The ironic votes are the endorsements for Kerry that appear in
Buchanan's anti-war sheet The American Conservative, and the support
for Kerry's pro-war candidacy manifested by those simple folks at
MoveOn.org. I can't compete with this sort of thing, but I do think
that Bush deserves praise for his implacability, and that Kerry
should get his worst private nightmare and have to report for duty.


Kerry would seem to get Hitchens' ironic vote. Guess Bush is his subjective choice? Will we have endure another essay about his objective choice? Objectively, Hitchens is worse than Kerry!

(maybe he got sick of the pressure to go with Kerry and decided to get his own back a bit?)

Posted by: Jon Kay at November 1, 2004 01:18 AM

Jon,

The title of his Oct. 21 post at the Nation is "Why I'm (Slightly) for Bush" You can find it in the "Continue Reading" part of my post.

Enough already.

Posted by: Marc Schulman at November 1, 2004 02:16 AM

And here is a guy who told us all that OBL was, without any qualifacation, dead.

How many times do you have to be wrong about the important stuff before people stop listining?

Posted by: Rick DeMent at November 1, 2004 06:46 AM

Marc

Sorry, you lost me a long time ago. I thought the war was a mistake from the beginning. I respect Hitchens but I disagree on Bush. Hitchens implies that the only reason people don't like Bush is because of his manner of speech. That's ridiculous. I resent the implication that any who don't share the Bush/neocon position are appeasers or don't recognize the evil of the terrorists. The war has done nothing but make things worse. The foreign policy community (not just liberals) is virtually unanimous about that. Moreover, I can't abide Bush's unwillingness to question, his lack of intellectualy curiosity, his willy-one note on taxation and regulation, his swarmy sucking up to the religious fundamentalists, his utter lack of regard for civil liberties, his rejection of legitimate science on virtually everything in favor of pseudo-science that favors corporate interests, his disregard of any opinion that differs from his own. If I thought his positon on foreign policy was substantially better than Kerry's, it might be different, but i don't.

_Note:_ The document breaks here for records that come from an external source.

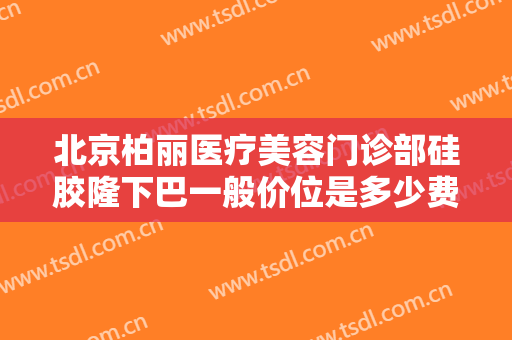 北京柏丽医疗美容门诊部硅胶隆下巴一般价位是多少费用?多长时间恢复?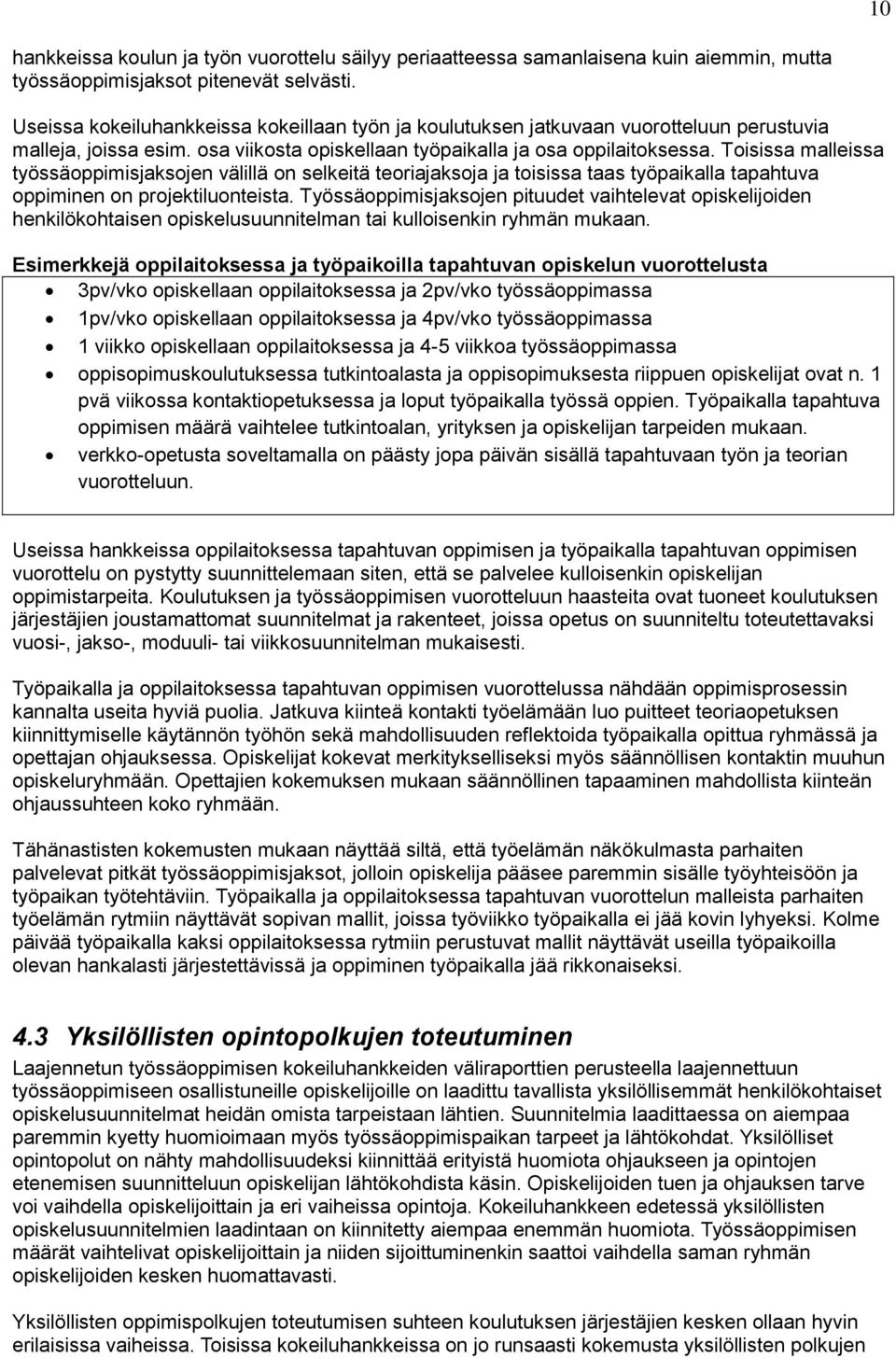 Toisissa malleissa työssäoppimisjaksojen välillä on selkeitä teoriajaksoja ja toisissa taas työpaikalla tapahtuva oppiminen on projektiluonteista.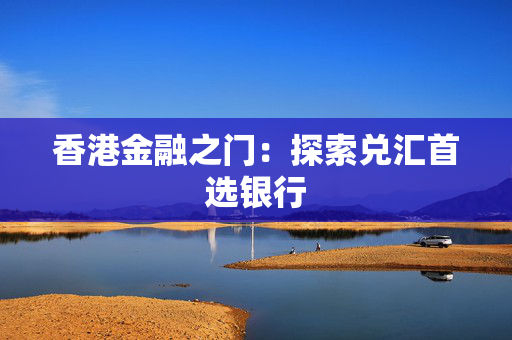 香港金融之门：探索兑汇首选银行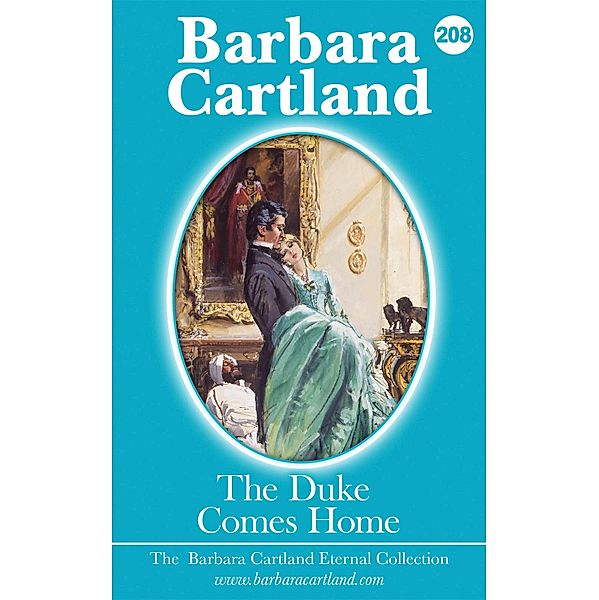 The Duke Comes Home / The Eternal Collection Bd.208, Barbara Cartland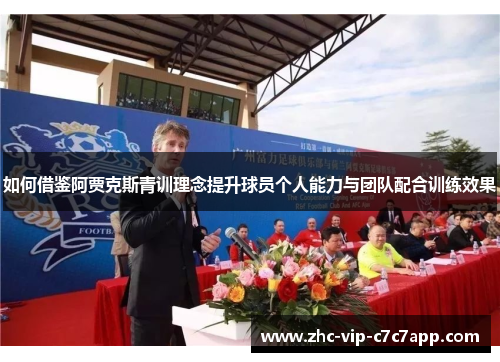 如何借鉴阿贾克斯青训理念提升球员个人能力与团队配合训练效果 如何借鉴阿贾克斯青训理念提升球员个人能力与团队配合训练效果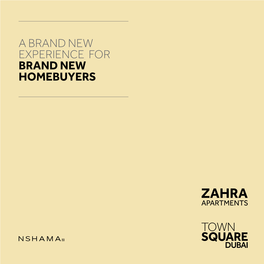 A Brand New Experience for Brand New Homebuyers Why Choose Apartments Zahra Apartments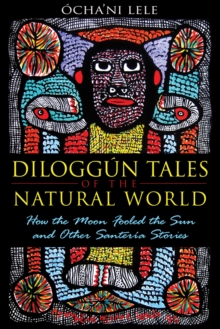 Diloggun Tales of the Natural World : How the Moon Fooled the Sun and Other Santeria Stories, Paperback / softback Book Diloggun Tales of the Natural World : How the Moon Fooled the Sun and Other Santeria Stories, Paperback / softback Book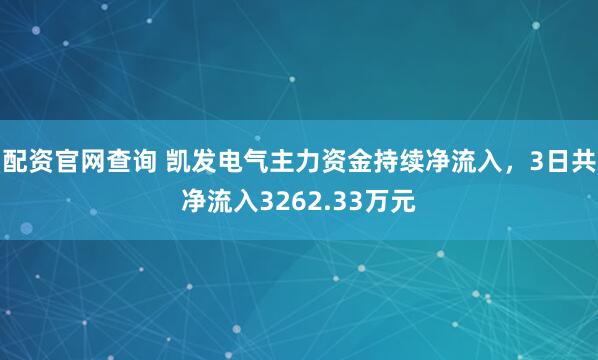 配资官网查询 凯发电气主力资金持续净流入，3日共净流入3262.33万元
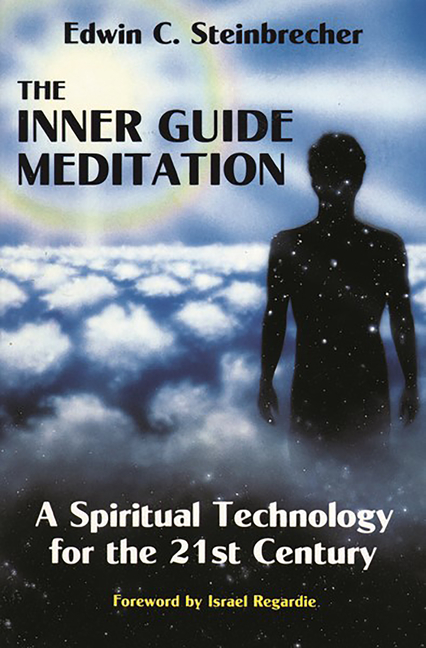 Inner Guide Meditation: A Spiritual Technology for the 21st Century (Revised)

Posted by: MWS at November 1, 2004 09:42 AM

I've followed Hitchens' writing over the past two years at Slate, and I'm not even remotely surprised that he has endorsed both Kerry and Bush separately. In fact, I'd go so far as to say he's not entirely functioning at full mental capacity any more (keep in mind he wrote a scathing, inappropriate, and just cruel teardown of Ronald Reagan a day after he passed away).

Very little of what he has written has made very clear logical sense. His defense of Ahmed Chalabi and his attempts to explain the forged Niger document (it was a forged copy of a real document!) didn't even pass the laugh test. My favorite though was his article in late 2002 saying that Bush is not rushing to war because we've waited long enough for Saddam to disarm.

Hitchens defection from the left to support Bush at this time has actually had the opposite effect on a left-leaning moderate like myself. It's made me more aware of the fact that the political division in this country has centered around those who see gray area and nuance and those who don't. In the 80s, Hitchens saw clear lines of good and evil (Reagan was evil), and now he sees clear lines of good and evil again (Saddam was evil). That's not a revelation. That's intellectual laziness, and it's as far from what a centrist should value as anything could possibly be.